Litigants in Person may present some challenges but these are not insurmountable
We asked mediators specifically about their impact on the process – how often did they see particular situations in their mediations with LIPs, and what were the implications on settlements.
Mediators report that LIPs typically do not have a good understanding of either the legal or commercial issues in their case and, as a result, may struggle to presents themselves effectively. Nevertheless, only around half of cases involving LIPs proved harder and take longer to settle. This would suggest that experienced mediators regularly encounter shortcomings in LIP performance at mediation, but often they are able to overcome them.
Nevertheless, these findings do suggest that more educational materials need to be provided for LIPs. In effect, that is the same conclusion as the Government’s own review of the work of the Small Claims Mediation Service where it was reported that, whilst 55% of cases mediated via the SCMS result in a settlement, only 15-21% of parties utilise the service as “many court users do not understand the mediation process and its benefits.”
Concerns around enforcement of mediated settlement agreements are unjustified
We also asked mediators about their experiences of difficulties with the enforcement of mediated settlement agreements as it has long been one of the criticisms from opponents of mediation that this is a weak point. However, the clear finding from our Audit is that it isn’t. Mediators and lawyers report that problems with enforcement really are few and far between.
Mediation delivers considerable value
In every Audit, we present an update on the contribution that mediation makes to commercial life in the United Kingdom.

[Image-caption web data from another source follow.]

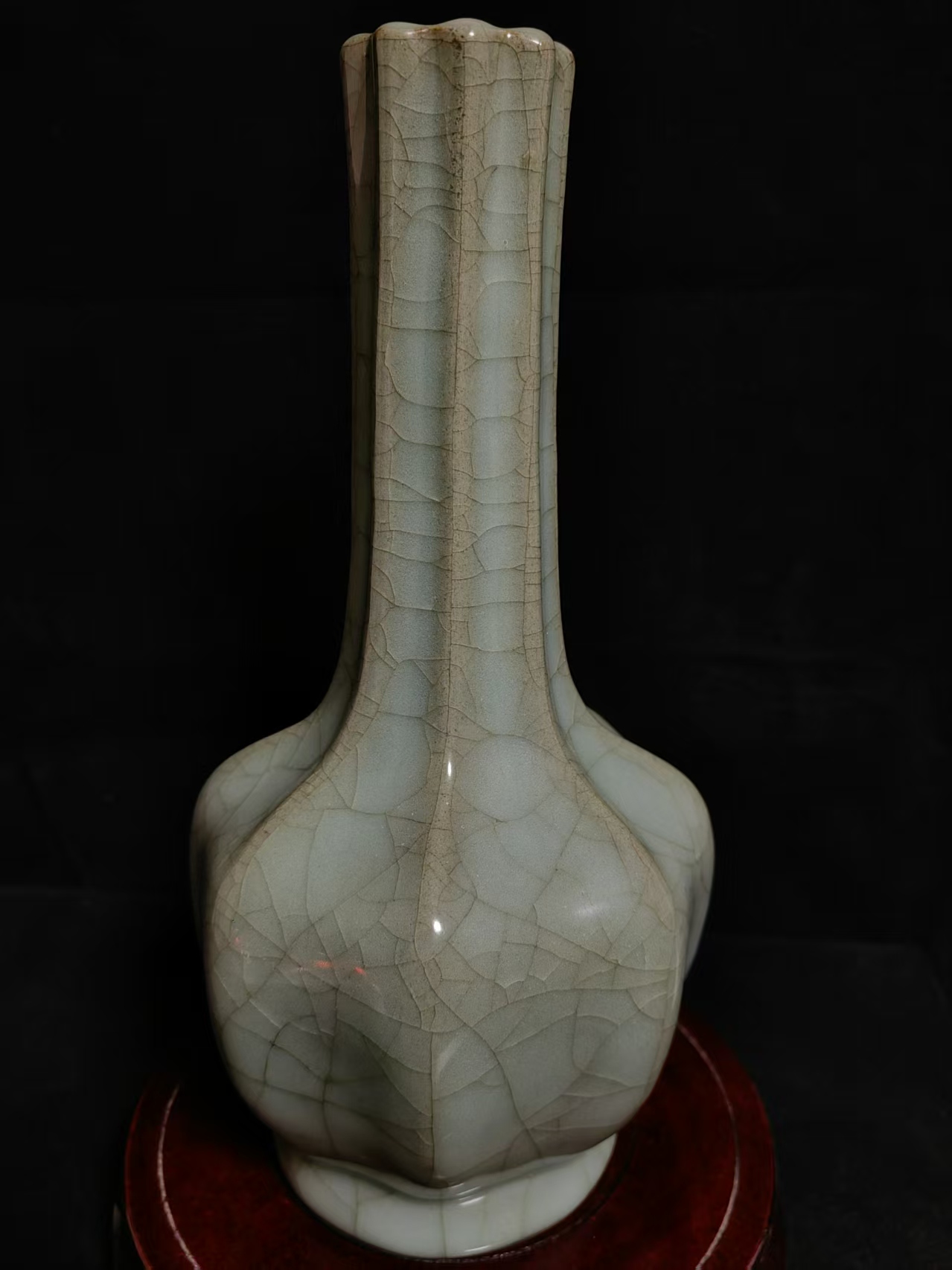 南宋《哥窑米黄釉八棱净瓶》-嘉城艺术交易平台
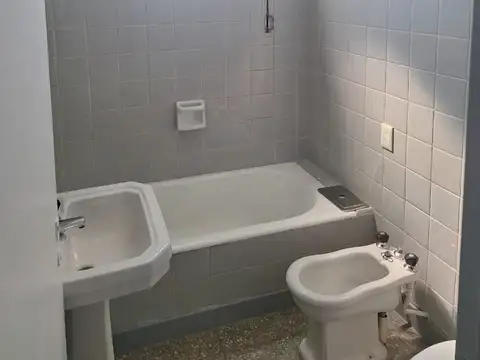 Departamento 5 ambientes con 2 baños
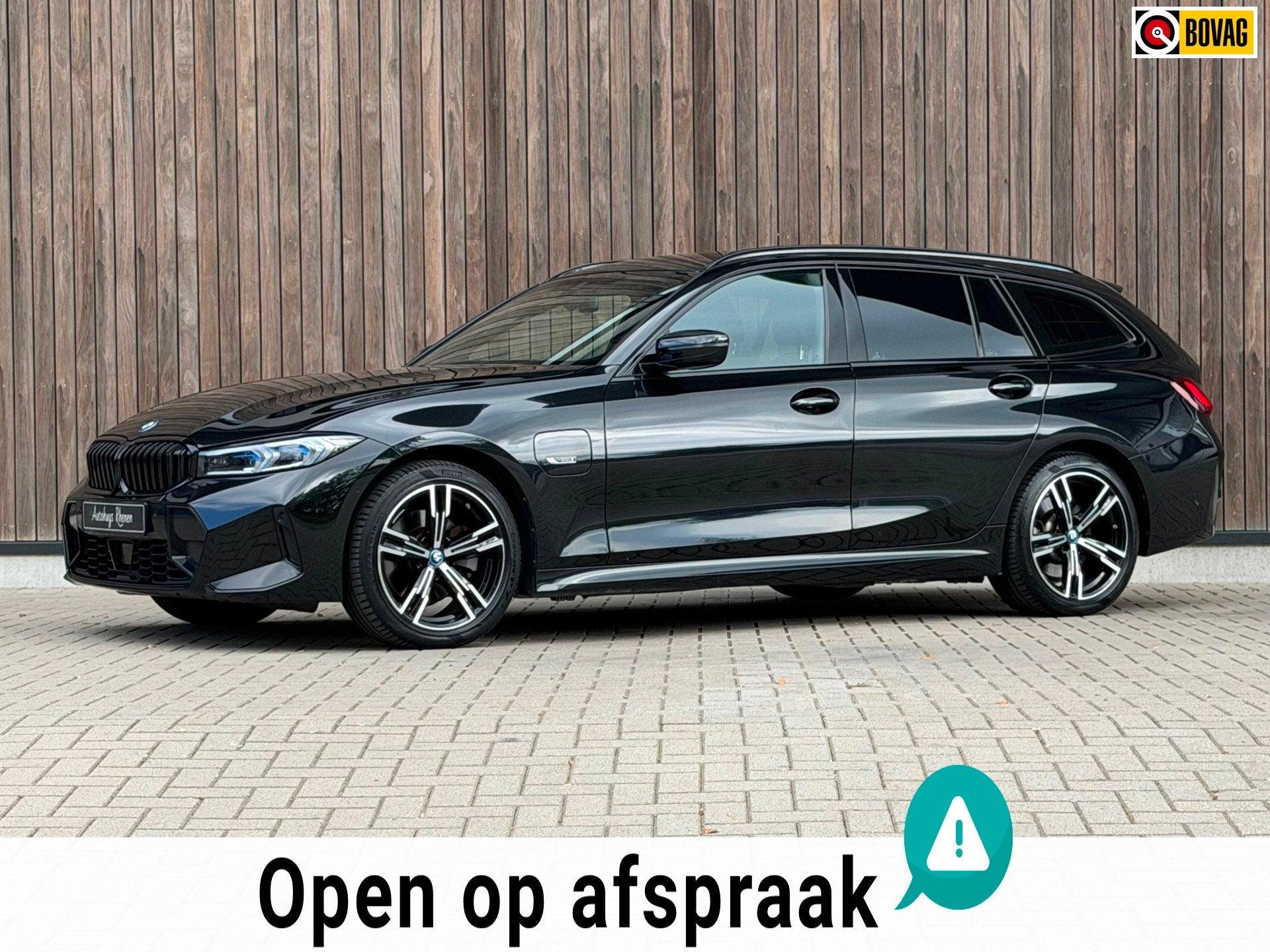 BMW 3-serie Touring 330e High Executive / M-sport / Trekhaak, Gebruikt, Zwart, 4 cilinders, Zwart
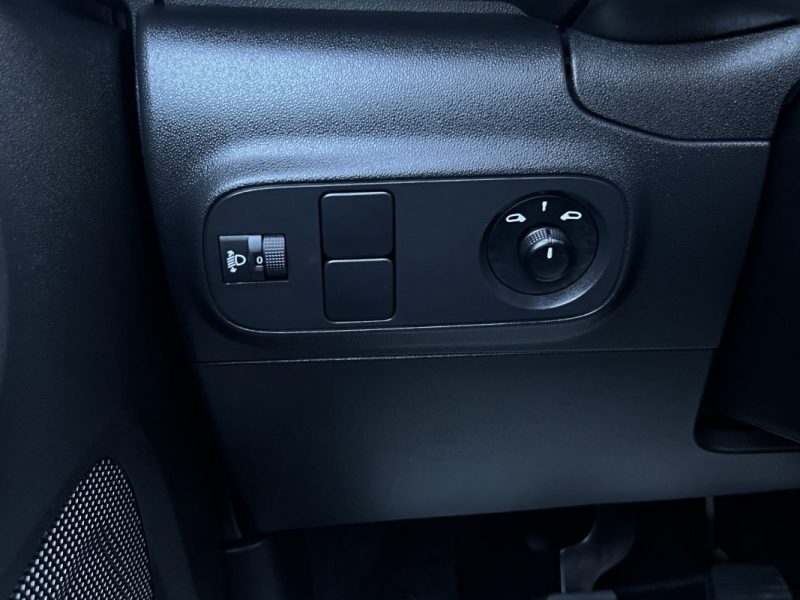 CITROEN C3 III PHASE 2 FINITION PLUS 1.2 110 Cv APPLE CARPLAY & ANDROID 11 200 Kms - GARANTIE 1 AN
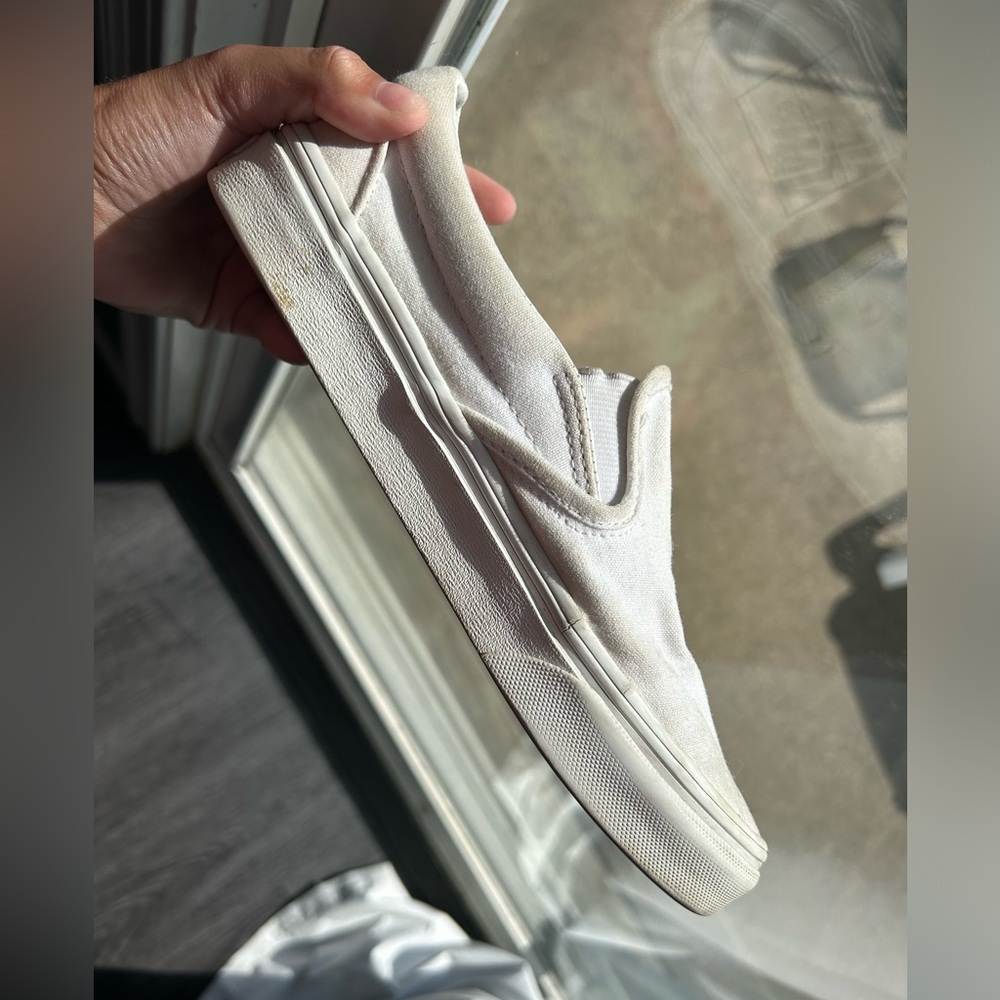 women’s white vans, size 6
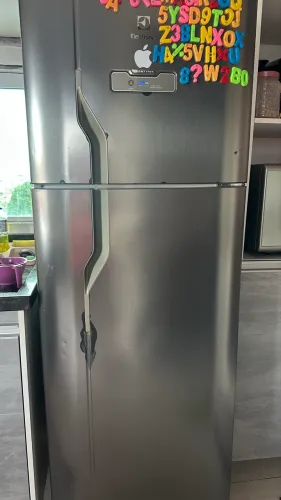 Vendo Geladeira Eletrolux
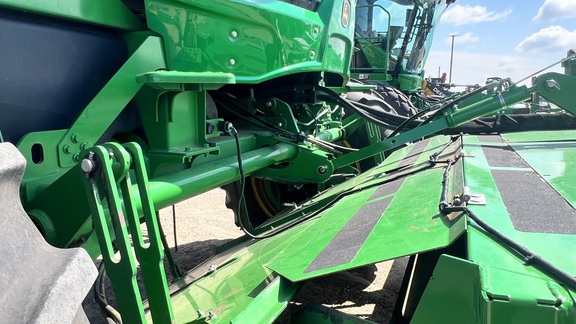 2016 John Deere W235 Windrower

Most notable are three key figures:
- Roughly £20 billion worth of cases are mediated each year
- Since 1990, around £195 billion worth of cases have gone to mediation
- Mediation saves business around £5.9 billion a year in wasted management time, legal fees, lost productivity and damaged relationships
In summary, mediation has arrived at its desired destination within the mainstream of the litigation system, but its race is far from run. The move towards mandatory mediation appears to be the next challenge on the horizon, and this Audit suggests that our profession is well placed to meet the need.
Our historic growth to a total of around 17,000 mediations a year is certainly an impressive achievement, but with some 247,000 contested Civil law cases in England and Wales each year, the need (and opportunity) is still vast. So, with new approaches, and new areas for implementation of mediation, we are still evolving, but the journey has not ended.